HARDWARE AND SOFTWARE TECHNIQUES TO IMPROVE MEMORY SYSTEM PERFORMANCE AND POWER ON MULTICORE ARCHITECTURES

Periodic Report Summary - SMART MEMORY SYSTEM (Hardware and software techniques to improve memory system performance and power on multicore architectures)

SMART MEMORY SYSTEM project intends to leverage Dr Ibrahim Hur's expertise within the areas of computer architecture and compiler design to develop novel hardware and software techniques to improve performance and power of memory systems in multicore architectures. In the past few decades, advances in silicon process technology have significantly reduced the size and switching times of transistors. As a result, both the number of transistors on a single die and clock rates of processors have increased rapidly, enabling processor performance to double almost every two years. However, these performance improvements have not resulted in comparable speedups for all applications. For instance, increasing processor performance by 50 % of a single processor of an IBM Power5+ system improves the performance of the industry standard SPEC CPU2006 benchmarks by only 13.1 % . Overall performance does not scale at comparable rates in all applications because the memory system performance has not kept pace with processor performance in modern systems. There are two aspects of the memory system performance: latency and bandwidth. While long latency and insufficient bandwidth limit the performance of modern systems, recently power consumption of the memory system has also received considerable attention.
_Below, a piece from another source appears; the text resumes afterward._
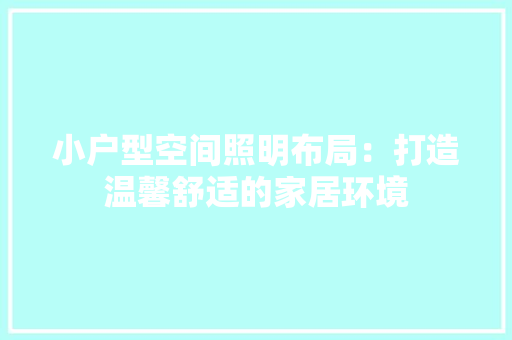 小户型空间照明布局：打造温馨舒适的家居环境 现代风格装饰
As technological advances rapidly increase the number of transistors on a single die, for many years, designers utilised this ample chip area with increasingly complex core architectures and with large on-chip caches. Unfortunately, either of these have diminishing returns. Therefore, in the last eight years chips with multiple cores have started to emerge. Today, most microprocessors have two or more cores on a chip and this number is expected to increase in the future. Although multicore architectures seem to be promising for better performance, they have two major limitations. First, because some cores share the same channels to access memory, as the number of cores grows, the ability to fully utilise all cores diminishes due to increased memory demands. Second, multicore systems are not easily programmable, therefore they heavily rely on compiler support. This second issue is similar to the programming and compilation problem of parallel systems, but it is even more complicated now because of more sophisticated cores and memory hierarchies.

To address these issues, Dr Hur will primarily carry out research to develop low-cost and practical hardware techniques to enhance the memory controllers to improve memory bandwidth, latency, power consumption, and software techniques to improve locality. The project specifically intends to meet the following scientific and technical goals:

- creating a cycle-accurate simulation environment to design and evaluate hardware and software techniques for multicore systems;
- developing innovative memory prefetching, memory scheduling, and memory power management techniques for multicore architectures, and developing compiler transformations to improve locality in multicore systems;
- integrating and evaluating hardware and software methods in the context of the multicore cell broadband engine architecture.

The project achieved the following two main results in the first seven months of the project:

1. the models for the Power processor element (PPE) and a single Synergistic processing element (SPE) are implemented in the simulator;
2. functional and performance verifications of both the PPE and a single SPE are performed and performance errors are found to be in acceptable ranges.